Source code for xraylabtool.calculators.scattering_data

"""Scattering factor data loading and element path management."""

from __future__ import annotations

from pathlib import Path
from typing import Any

import numpy as np

# Pre-computed element file paths for faster access
_AVAILABLE_ELEMENTS: dict[str, Path] = {}


def _initialize_element_paths() -> None:
    """
    Pre-compute all available element file paths at module load time.
    This optimization eliminates repeated file system checks.
    """

    base_paths = [
        Path.cwd() / "src" / "AtomicScatteringFactor",
        Path(__file__).parent.parent.parent
        / "src"
        / "AtomicScatteringFactor",  # For old structure compatibility
        Path(__file__).parent.parent
        / "data"
        / "AtomicScatteringFactor",  # New structure
    ]

    for base_path in base_paths:
        if base_path.exists():
            for nff_file in base_path.glob("*.nff"):
                element = nff_file.stem.capitalize()
                if element not in _AVAILABLE_ELEMENTS:
                    _AVAILABLE_ELEMENTS[element] = nff_file



[docs]
def load_scattering_factor_data(element: str) -> Any:
    """
    Load f1/f2 scattering factor data for a specific element from .nff files.

    This function reads .nff files using CSV parsing and caches the results
    in a module-level dictionary keyed by element symbol. Returns a pandas-compatible
    data structure for accessing columns E, f1, f2.

    Args:
        element: Element symbol (e.g., 'H', 'C', 'N', 'O', 'Si', 'Ge')

    Returns:
        ScatteringData object with pandas-like interface containing columns: E (energy), f1, f2

    Raises:
        FileNotFoundError: If the .nff file for the element is not found
        ValueError: If the element symbol is invalid, empty, or file format is invalid

    Examples:
        >>> from xraylabtool.calculators.scattering_data import load_scattering_factor_data
        >>> data = load_scattering_factor_data('Si')
        >>> print(data.columns)
        ['E', 'f1', 'f2']
        >>> print(len(data) > 100)  # Verify we have enough data points
        True
    """
    from xraylabtool.calculators.cache import _scattering_factor_cache

    # Validate input
    if not element or not isinstance(element, str):
        raise ValueError(f"Element symbol must be a non-empty string, got: {element!r}")

    # Normalize element symbol (capitalize first letter, lowercase rest)
    element = element.capitalize()

    # Check if already cached
    if element in _scattering_factor_cache:
        return _scattering_factor_cache[element]

    # Use pre-computed element paths for faster access
    if element not in _AVAILABLE_ELEMENTS:
        raise FileNotFoundError(
            f"Scattering factor data file not found for element '{element}'. "
            f"Available elements: {sorted(_AVAILABLE_ELEMENTS.keys())}"
        )

    file_path = _AVAILABLE_ELEMENTS[element]

    try:
        # Read and validate header line
        with open(file_path) as _f:
            header_line = _f.readline().strip()

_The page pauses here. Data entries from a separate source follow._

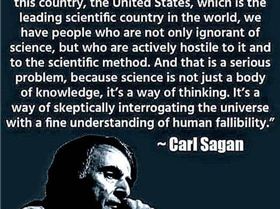 4423918818512799070313951041751070670360534n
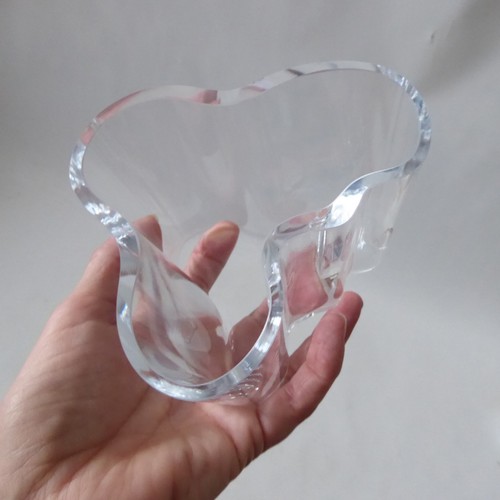 Iittala alvar aalto - aalto, savoia
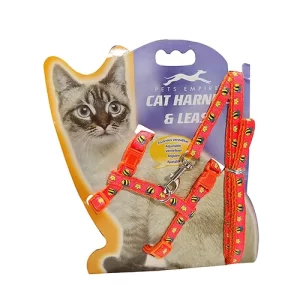 Accessory_cat_harness_06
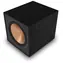 Klipsch R-121SW czarny / subwoofer / RMS 200W / przetwornik basowy 305mm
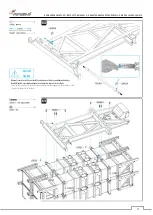 Preview for 50 page of Amewi 22563 Manual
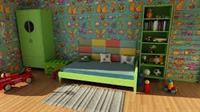 bedroom5.jpg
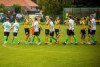 1103IMG_7781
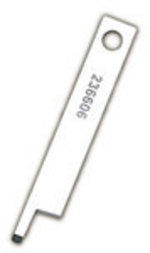PEGASUS FS-601 Верхний нож (236606)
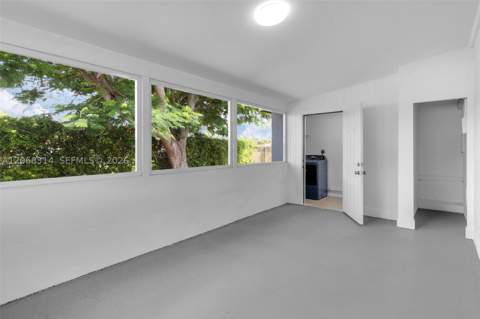 11445 SW 43rd Ter, Miami FL - photo 20 of 31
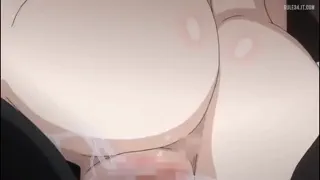 Preview at 00:12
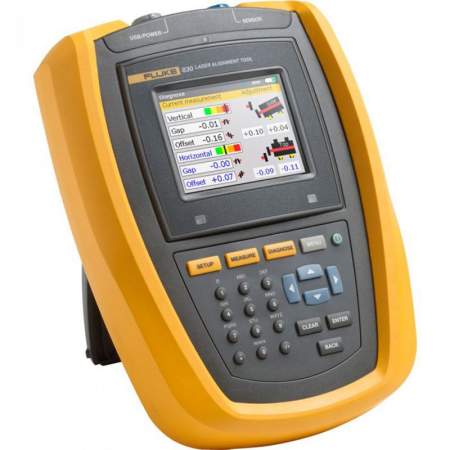 Инструмент для центрирования Fluke  830
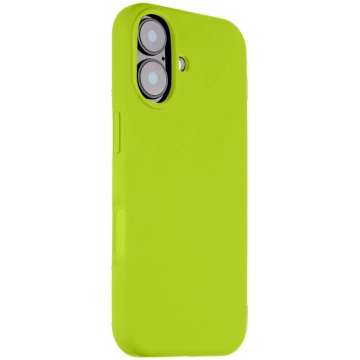 Tactical MagForce Velvet Smoothie Cover Aizsargapv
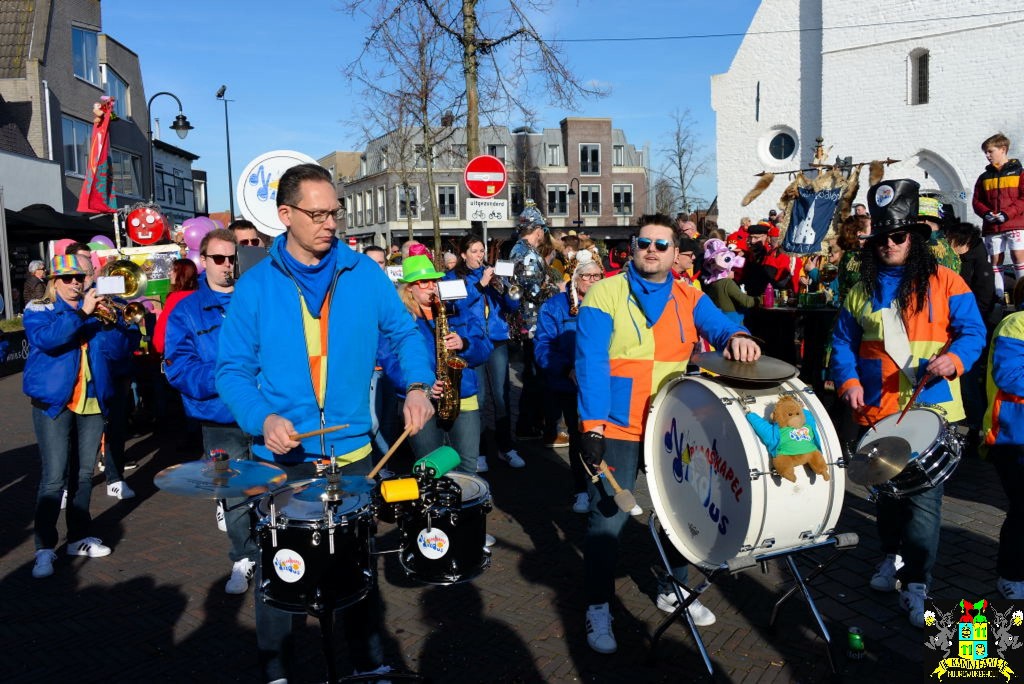 ../Images/Straatversieringswedstrijd 199.jpg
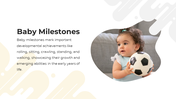 64824-baby-google-slides-template-06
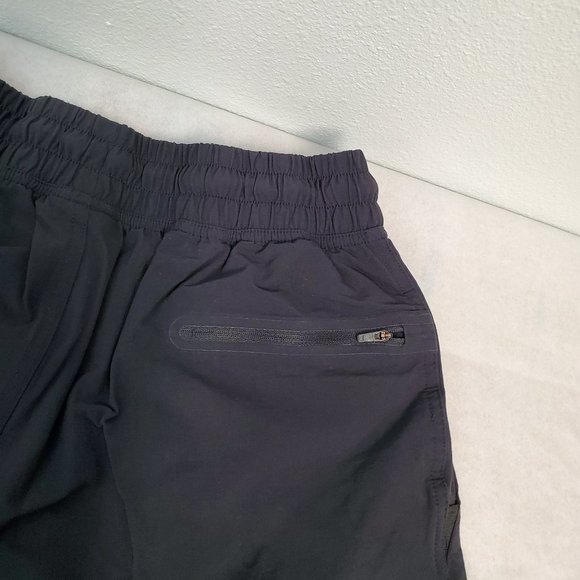 Nike NSW Franchise GX1 Shorts Size Medium - Picture 7 of 10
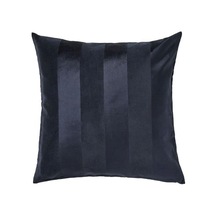 Ikea Pıpranka Yastık Kılıfı 50 X 50 Cm Lacivert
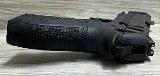 TAURUS PT809 (1-809041) 9MM LUGER (9x19 PARA) - Image 9 of 12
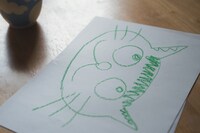 「スミコ22」より。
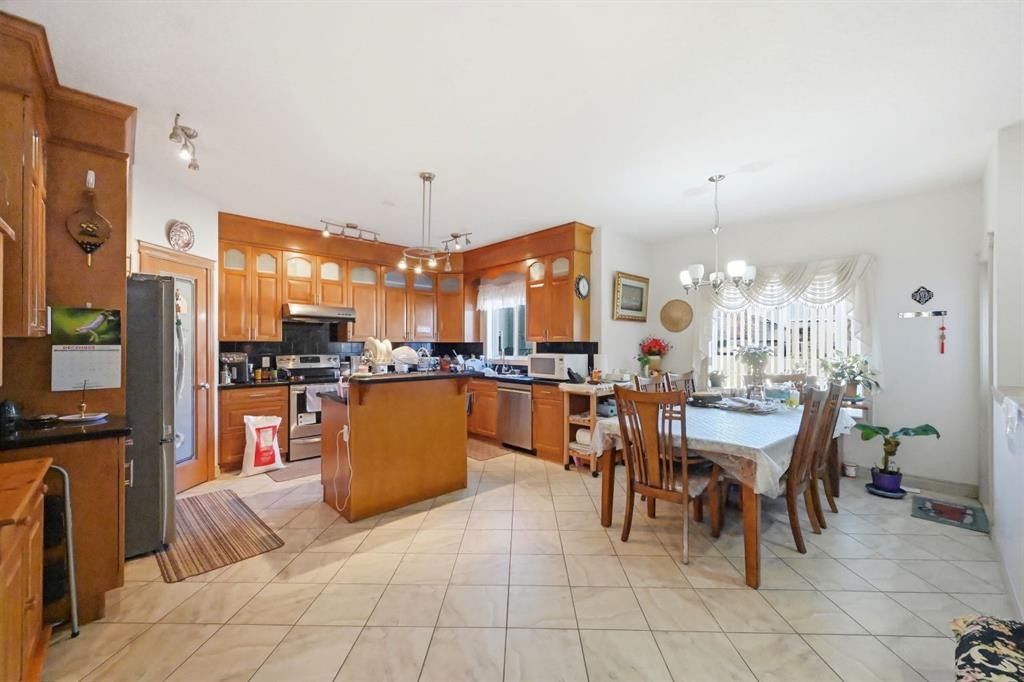 104 Taralake Common Ne, Calgary, AB - Indoor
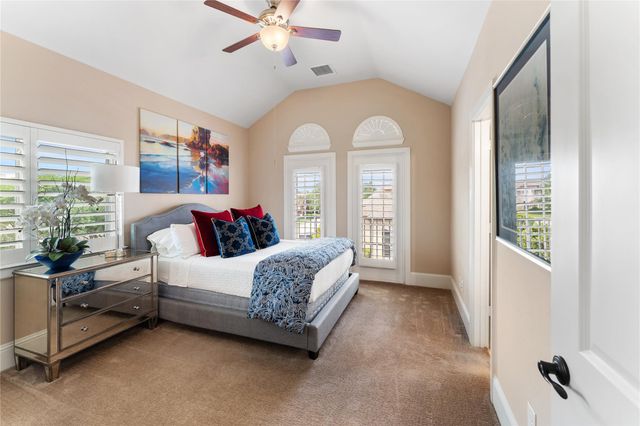 1102 Oyster Bank Circle, Sugar Land, TX 77478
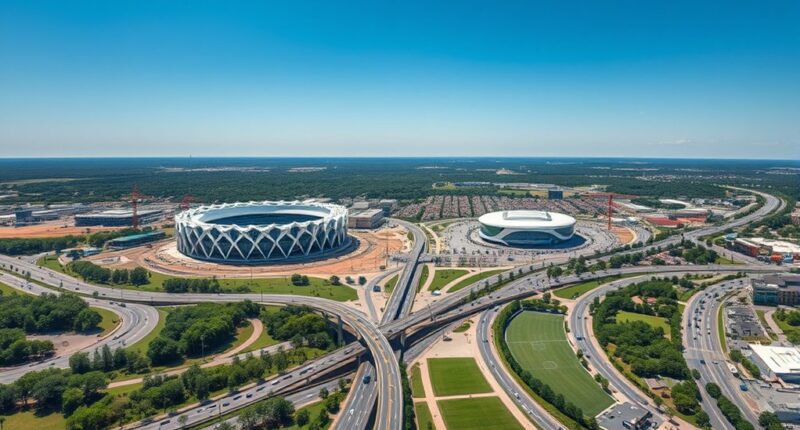 missouri infrastructure upgrades 2026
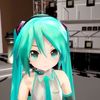 sadeeny4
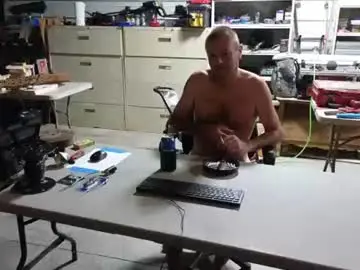 Chaturbate Free Porn Cam of omfgy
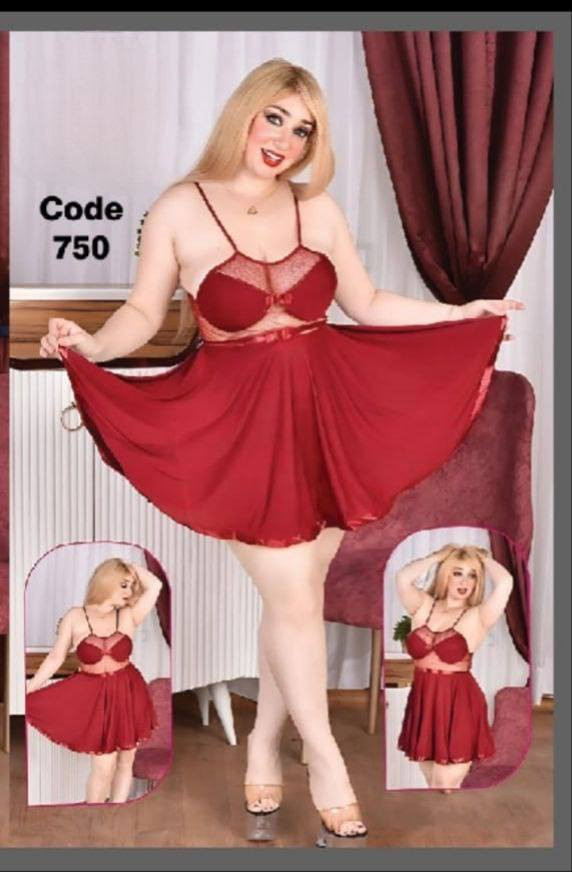 قولنا هندلع الأسواق جمله الجمله شغل لوكس


**إذا كنت صاحب هذا الإعلان وتريد حذفه لأي سبب، رجاءا أرسل رسالة إلى الدعم الفني**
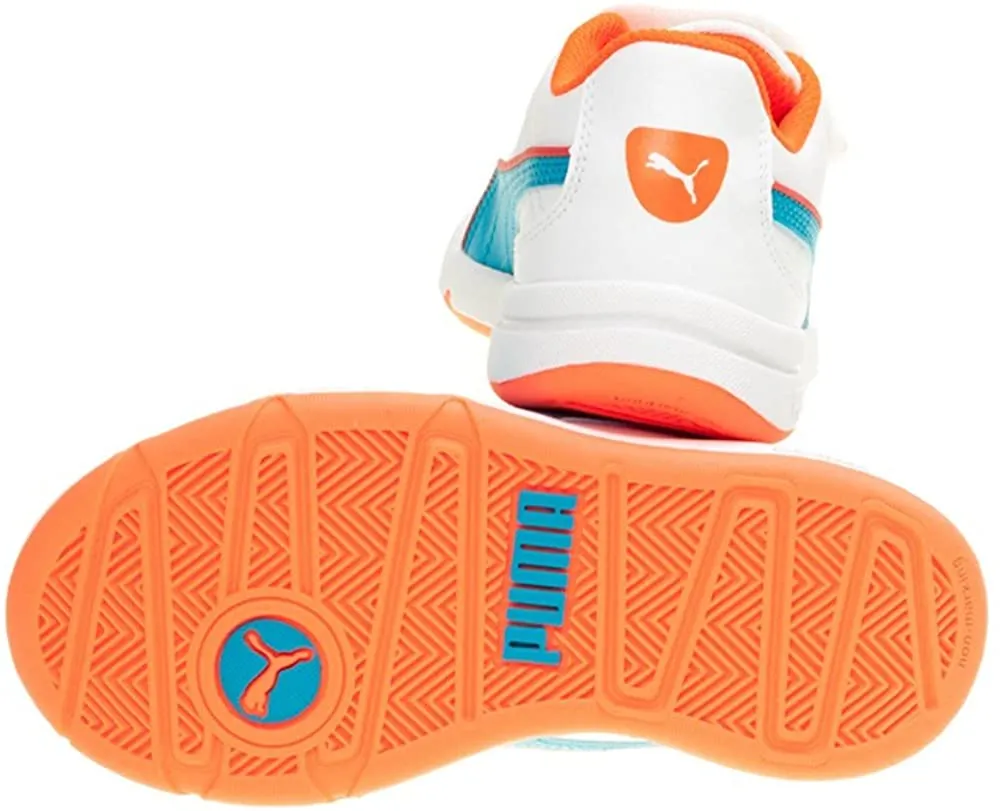 Features Puma Stepfleex V PS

        header = [col.strip() for col in header_line.split(",")]
        expected_columns = {"E", "f1", "f2"}
        actual_columns = set(header)

        if not expected_columns.issubset(actual_columns):
            missing_cols = expected_columns - actual_columns
            raise ValueError(
                f"Invalid .nff file format for element '{element}'. "
                f"Missing required columns: {missing_cols}. "
                f"Found columns: {list(actual_columns)}"
            )

        # Get column indices for correct ordering
        e_idx = header.index("E")
        f1_idx = header.index("f1")
        f2_idx = header.index("f2")

        # Load entire file at C-level via np.loadtxt — 3-8x faster than csv.reader loop
        raw = np.loadtxt(file_path, delimiter=",", skiprows=1, dtype=np.float64)

        if raw.ndim == 1:
            raw = raw.reshape(1, -1)

        if len(raw) == 0:
            raise ValueError(
                "Empty scattering factor data file for element "
                f"'{element}': {file_path}"
            )

        # Re-order columns to canonical [E, f1, f2] if needed
        data_array = raw[:, [e_idx, f1_idx, f2_idx]]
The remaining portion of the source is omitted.